Адамс бросил на своего нежданного попутчика взгляд одновременно одобрительный и заинтересованный:

– Что ж, сойдёмся на том, что лавка старьёвщика является местом, полным надежд и потенциальных шедевров, и Америка – безусловный шедевр в мире подобных лавок; и понадеемся избежать печальной участи оказаться погребёнными в бездарности, которой в выдающейся лавке должно быть столь же выдающееся количество.

– Отличное предложение, которое я полностью принимаю, – мягко улыбнулся Сиззи, – особенно касаемо надежд.
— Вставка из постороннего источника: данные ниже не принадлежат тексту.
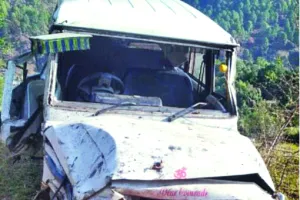 अल्मोड़ा: बोलेरो वाहन खाई में गिरा, चालक की मौत 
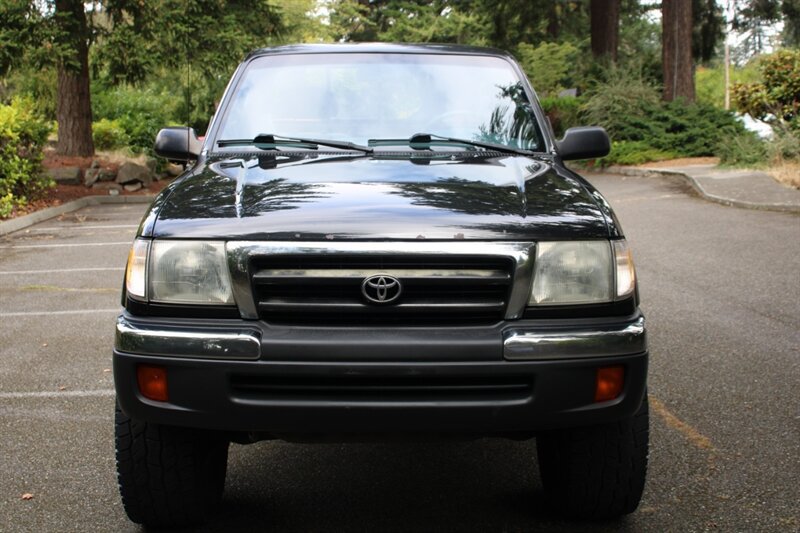 Used 2000 Toyota Tacoma 4x4 Regular Cab image 10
На смену этой беседе пришли несколько минут тишины, которые пассажир провёл, беззаботно нежась в кресле, покрываемый отрывистыми и пристальными взглядами водителя. Длинные нервные пальцы Сиззи постоянно двигались, словно крутили что-то невидимое, как пальцы шулера или карманника. На это беспокойное движение Адамс посмотрел наблюдательными глазами натуралиста, у которого намерения играть в карты столь же мало, как и ценностей в карманах. Всё остальное в облике человека на пассажирском сиденье едва ли могло что-то сказать о его занятиях или жизненном опыте – с одинаковым успехом он быть и деревенским бутлегером, и наркоторговцем, и джазовым музыкантом. Внешность человека в соседнем кресле была не более информативна, в противоположность своему спутнику, черты его лица лучились твёрдостью, говорившей об уверенности их носителя в себе самом и окружающем мире, и, если роль музыканта или наркоторговца была ему не к лицу, оно всё равно подходило к самому широкому спектру личностей и профессий: от военного или шерифа до сельского учителя или ремесленника. Обоих мужчин сложно было назвать красивыми, однако каждый из них имел некую привлекательность: Сиззи – живой и несколько беспокойной подвижностью тонких черт слегка бледного лица, Адамс же – спокойной и немного простоватой мужественностью человека, на которого можно положиться.

Недавно появившееся молчание, медленно перемещающееся в Dodge среди клубов каролинской пыли, погибло, не достигнув зрелости, прерванное голосом человека, ведшего эту тишину в потрёпанной машине:

– Кажется, здешние пустоши в это время года не самое очевидное место для пеших путешествий.

– Уверяю тебя, они и летом вовсе не хороши, – устало улыбнулся Сиззи. – Но путешествие моё деловое, и, хотя его не возбраняется совместить с приятным времяпрепровождением, здесь это действительно вряд ли удастся.

– И куда же ты направляешься? – спросил Адамс, не отрывая глаз от дороги.

– В общем и целом на юг, попытаюсь встретиться с одним человеком, это встреча может очень помочь в моём деле.

– Так нам по дороге – хотя я еду не куда-то, а скорее откуда-то уезжаю, и скорее намерен никого не встретить, но в общем путь мой тоже лежит на юг.

– Замёрз на севере? – с насмешливым участием спросил Сиззи.

– Отчасти, – не менее саркастически отвечал человек в байковой рубашке, – а отчасти просто решил сменить обстановку и попутешествовать, а ещё отчасти потому, что я не был на южном море со времён моей поездки в Корею, и мне интересно, будет ли отдых на море отличаться в мирное время.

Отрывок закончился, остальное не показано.